Other organisations I work with are stuck in the past. While they want to refresh and reinvent their processes and business models, they are stuck in the old ways of doing things. When I was previously CEO SCALA, I acknowledged that industry transformation cannot take place by selling the transformation idea to the boss; he (invariably it is a "he") will point to his Maserati or Ferrari and say, "You see that car? That tells me I am a successful businessman. So why would I need to transform my business?" But they fail to see that there are newer and better ways of getting business results, and no matter what I try to tell them, they will not be able to see that. So, I chose a different tack. Working with the Singapore government to provide grants to reskill and pay the salaries of new hires, we trained them in a curriculum where they would have to implement these new business models, applying tools like customer management, design thinking and strategic innovation. More than 50% of the company bosses reported to me at the end of the 9-month programme that they had built new revenue as a result of this. While they are not going to dismantle their old ways of doing things, they are now in the position to incorporate the new ways into their model.
From VUCA to TUNA
Organisation leaders need to realise that the world is evolving much faster than they can catch up to. The road ahead is now so murky - Covid19 is a case in point - that many leaders are unable to plan for next year, much less for the next 3 years! Assumptions keep on getting busted as one incident happens after another. The Soleimani incident in January almost threw the Middle East into a proxy war with the US; and no sooner did that abate, the Covid pandemic hit. This threw the world into another tailspin, triggering a global recession. The US elections coming soon will certainly throw up another big uncertainty, and if the wrong person is elected, another 4 years of nationalistic sentiment will keep the world in recession. Indeed, the term VUCA (volatile, uncertain, complex and ambiguous) which was used to describe such a business environment has evolved into TUNA - turbulent, uncertain, novel and ambiguous.
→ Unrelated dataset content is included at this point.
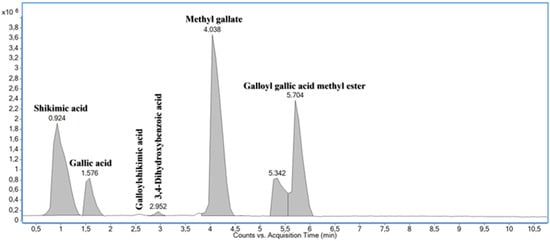 Pathogens 14 00799 g0a1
The two key terms that were replaced - volatile to turbulent, and complex to novel - seem to suggest that the "new normal" rages on at a much greater pace than in the 1990s when VUCA was first coined by the US military. This means that organisations must learn to deal with changes in lightning quick fashion, that everything is a work-in-progress, and we must adjust the way we use our financial resources. Status quo is now constant change, a contradiction of ideas. The time has come for us to learn how to deal with TUNA, not with AI and other "hard sciences" (AI is unable to offer any reliable insights in a turbulent environment) but with resilient, malleable mindset. It is time to equip all our people with the means to react to turbulence with the growth mindset.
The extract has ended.